Art as a shared experience
Last fall, my husband and I began playing a game with several diverse groups of friends. We tried to find five books that everyone in the group had read cover to cover (skimming didn't count)--and children's books were included. Most of the time, we couldn't do it.
One particular instance stood out to me. We were at a wedding reception and all of the people at the table were well-read, highly educated people who were involved in one way or another with the artistic community. Many of them had liberal arts degrees, a few were teachers. There was an age range of about 15 years, touching upon different generations but still close enough to expect that we would have similar cultural experiences. We were able to come up with only four books--most of them children's books though, oddly, the relatively obscure Maus was the one adult choice. (The others were "Tom Sawyer," "Green Eggs and Ham," and "Charlotte's Web.")

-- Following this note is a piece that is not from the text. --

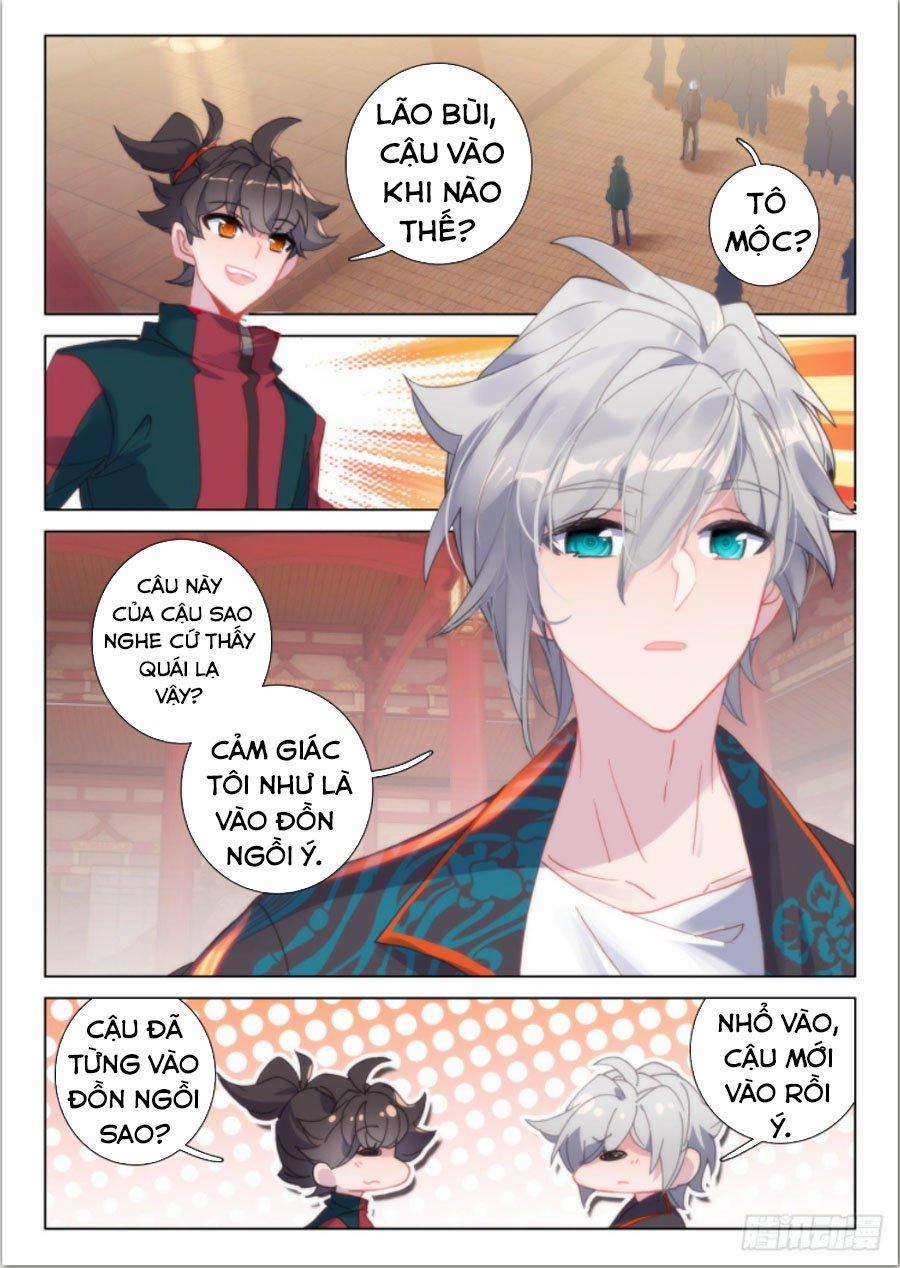 Khắc Kim Thành Tiên 33 trang 5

When my husband and I played the game alone, the list stretched longer that we were able to mentally keep track of. Part of what contributes to the strength of our marriage is that we have a huge foundation of shared ideas. We've spent most of our lifetime engaged in critical discussion about those ideas. This has given us a common vocabulary, a vocabulary that lets us share humor at life's events and to work intuitively together in times of crisis.
What's true for a marriage can be true for the wider society. It's part of the role that art plays. It gives us a common language to speak so that we can appreciate the admirable qualities of those we live with and enable us to work together when challenges are laid before the community.
I'd also venture an argument that it is why mass media has been so compelling. It brings people together and helps them form a commonality in experience and language. People easily slip into conversations about "Lost" or "American Idol" because they make the presumption that the people they are speaking to has seen it.
It's also the appeal of the Web because people can start a conversation by sending the link. It's far easier than buying someone a book, waiting for them to read it, and then having the discussion. It's even easier than listening to the radio, going to the movies, or watching television.
Art has struggled in recent years in part because it doesn't reach the masses of audiences that popular culture does nor does it have the easy accessibility of Web offerings. However, within its communities, it forms a far tighter bond because the experience tends to be of greater intensity. It also ties them more directly to people whose faces and voice they recognize.
Several years ago I attended an outdoor production of Shakespeare's Richard III at the Michigan Shakespeare Festival. The scenes where Richard and Richmond extort their troops was done on opposite sides of the stage, switching back and forth between them. On this particular night, there had been a storm raging in and out. However, the audience stayed despite the pouring rain so the actors continued to perform. During that scene, while Richard talked of bad omens, the wind picked up and whipped his banner off its stick, blowing it away into a pile of water while Richmond's continued to wave proudly. Later, lightning cracked the sky above Richmond's troops as they marched in from the voms to the final, fatal battle. It was special effects by God that night.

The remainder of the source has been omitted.